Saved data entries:
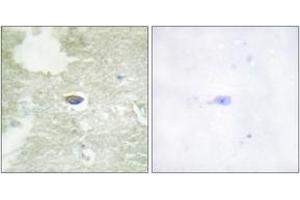 Immunohistochemistry analysis of paraffin-embedded human brain, using TGF beta Receptor II (Phospho-Ser225/250) Antibody. (TGFBR2 Antikörper  (pSer225))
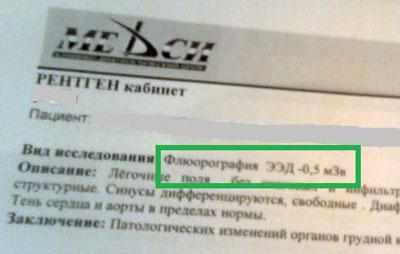 Доза облучения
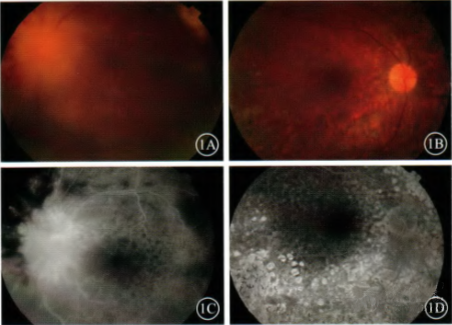 原发性玻璃体视网膜淋巴瘤一例
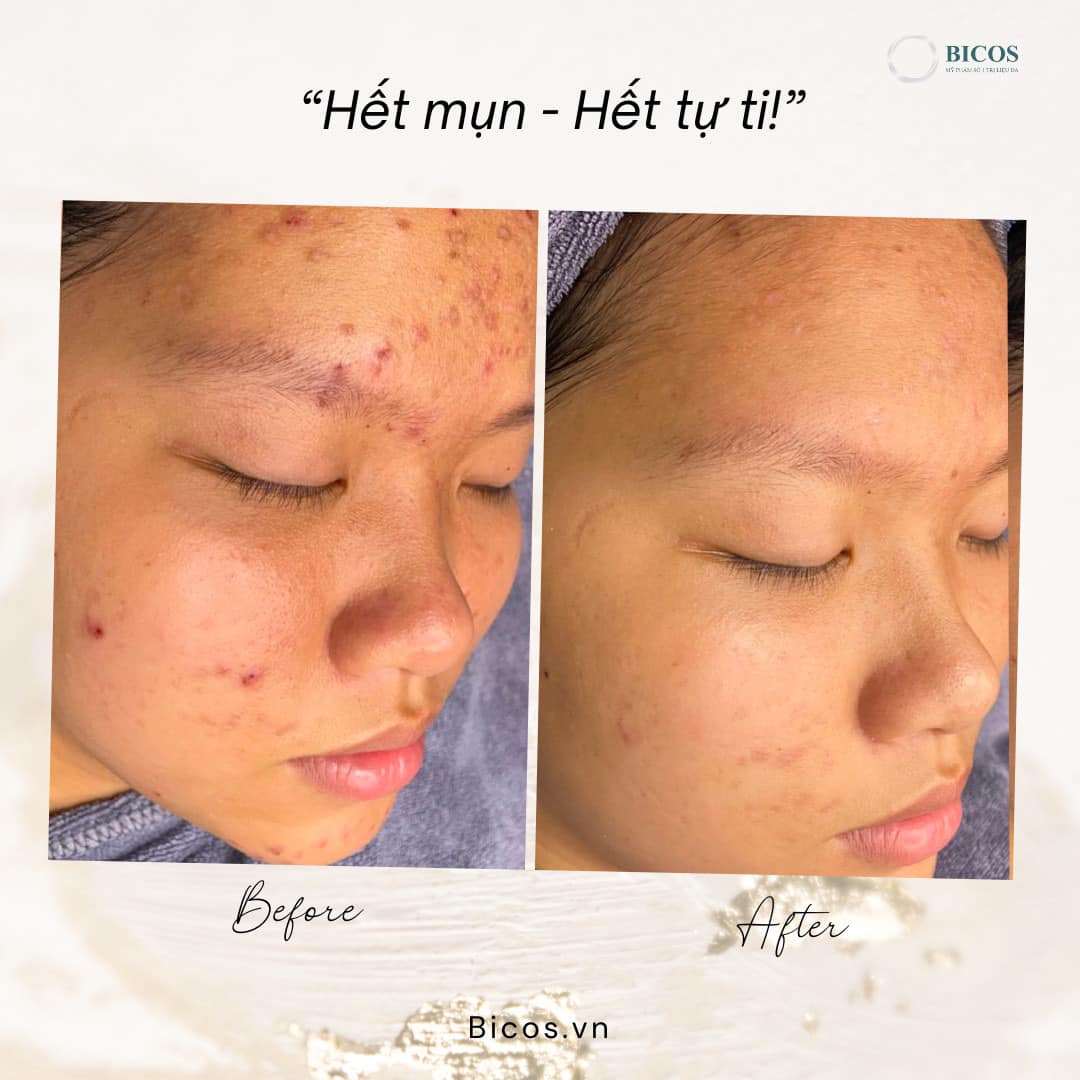 Dịch Vụ ĐIều Tri Thâm Do Mụn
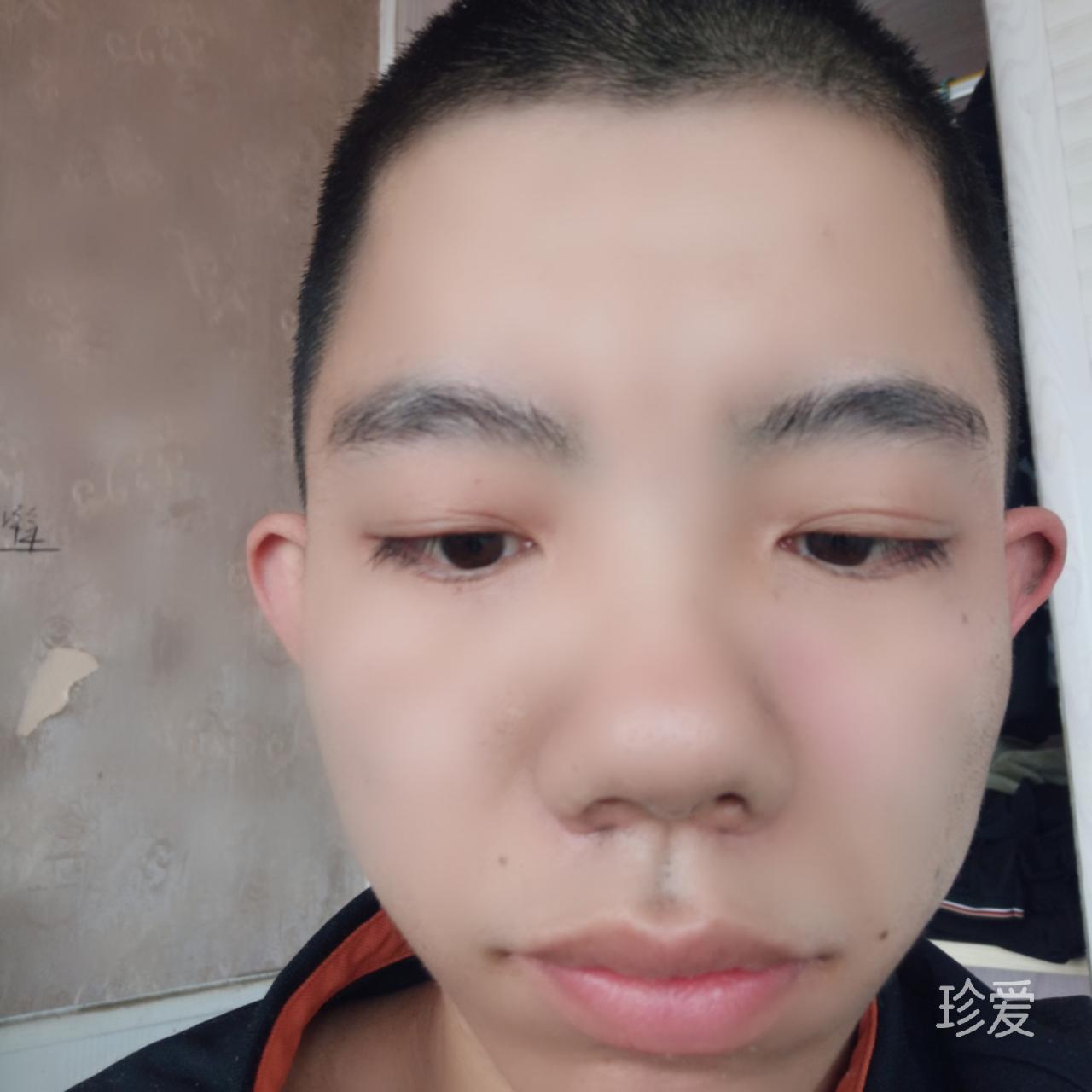 必须的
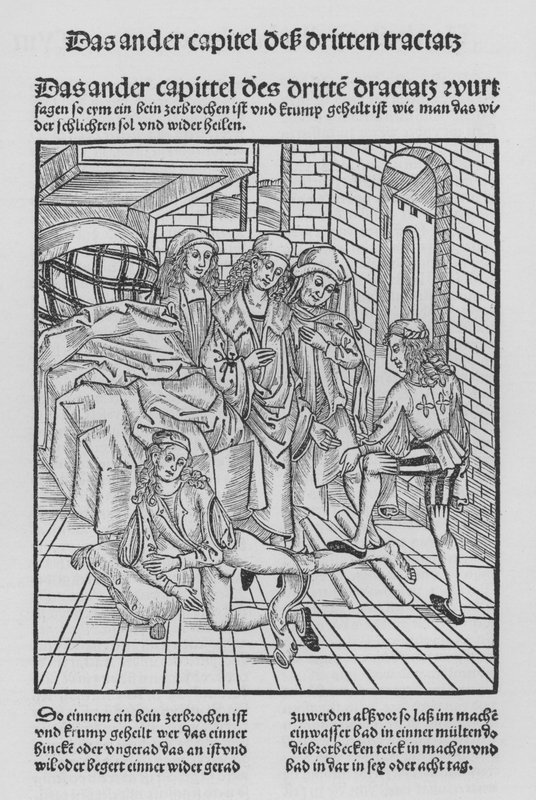 El libro de Cirurgia de Hieronymus Brunschwig de (after) German School
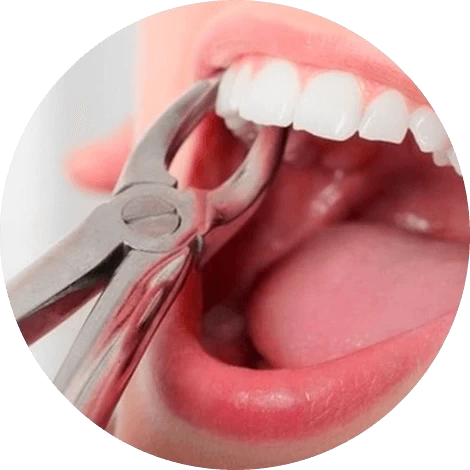 Баннер Удалить зуб Баннер Удалить зуб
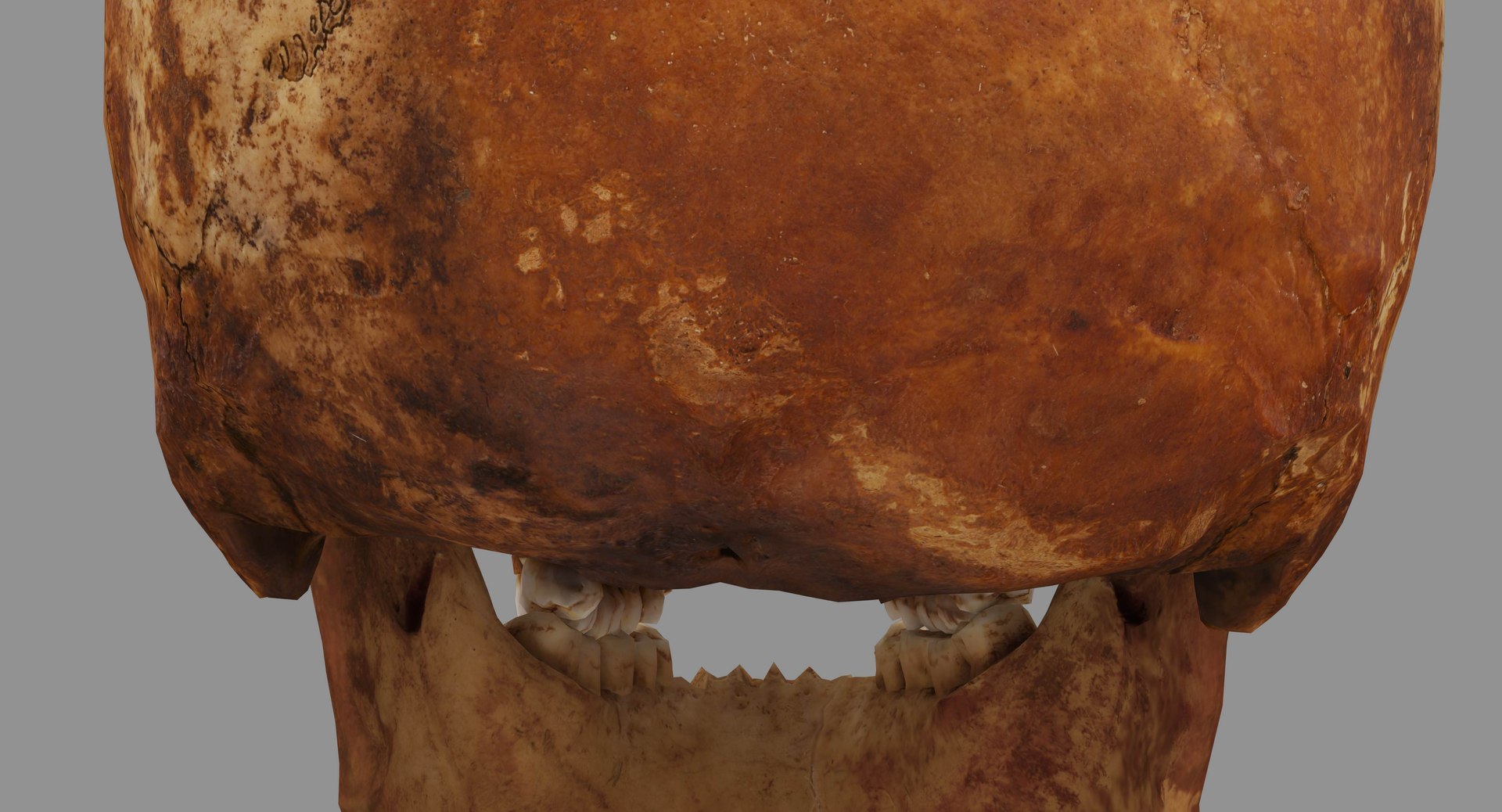 human skull scanned 3D https://p.turbosquid.com/ts-thumb/8T/U6nMKO/FUazeLDu/100022/jpg/1570537857/1920x1080/fit_q87/7bf5fb55aa72267cd3e7454ae82e9f087adc1fd1/100022.jpg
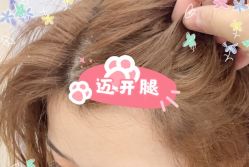 -大麦微针植发全国连锁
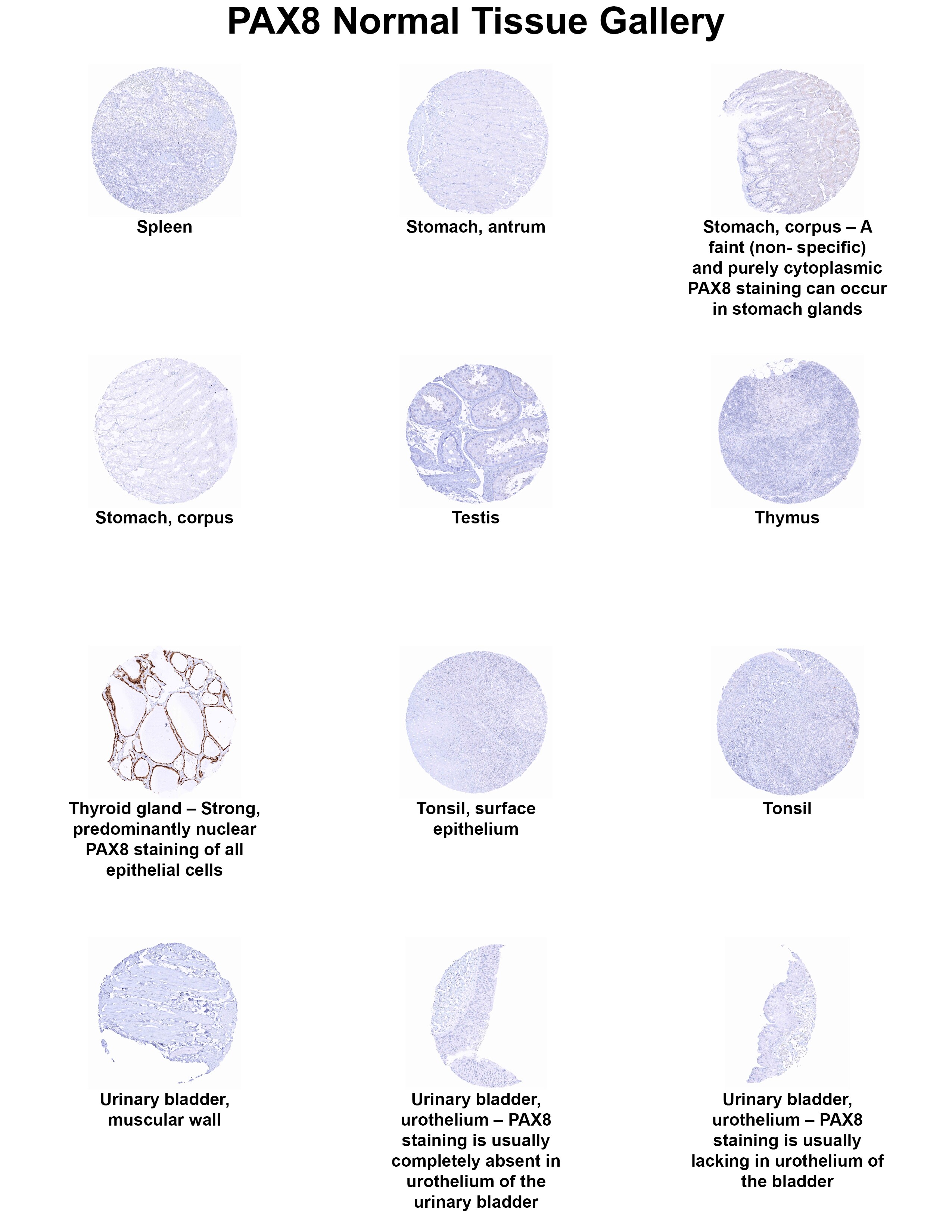 PAX8 Antibody (MSVA-708R) PAX8 Antibody (MSVA-708R) PAX8 Normal Tissue Gallery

§ **Directions**
Give every entry again as it is, dropping its pictures.

§ **Output below**
 Immunohistochemistry analysis of paraffin-embedded human brain, using TGF beta Receptor II (Phospho-Ser225/250) Antibody. (TGFBR2 Antikörper  (pSer225))
 Доза облучения
 原发性玻璃体视网膜淋巴瘤一例
 Dịch Vụ ĐIều Tri Thâm Do Mụn
 必须的
 El libro de Cirurgia de Hieronymus Brunschwig de (after) German School
 Баннер Удалить зуб Баннер Удалить зуб
 human skull scanned 3D https://p.turbosquid.com/ts-thumb/8T/U6nMKO/FUazeLDu/100022/jpg/1570537857/1920x1080/fit_q87/7bf5fb55aa72267cd3e7454ae82e9f087adc1fd1/100022.jpg
 -大麦微针植发全国连锁
 PAX8 Antibody (MSVA-708R) PAX8 Antibody (MSVA-708R) PAX8 Normal Tissue Gallery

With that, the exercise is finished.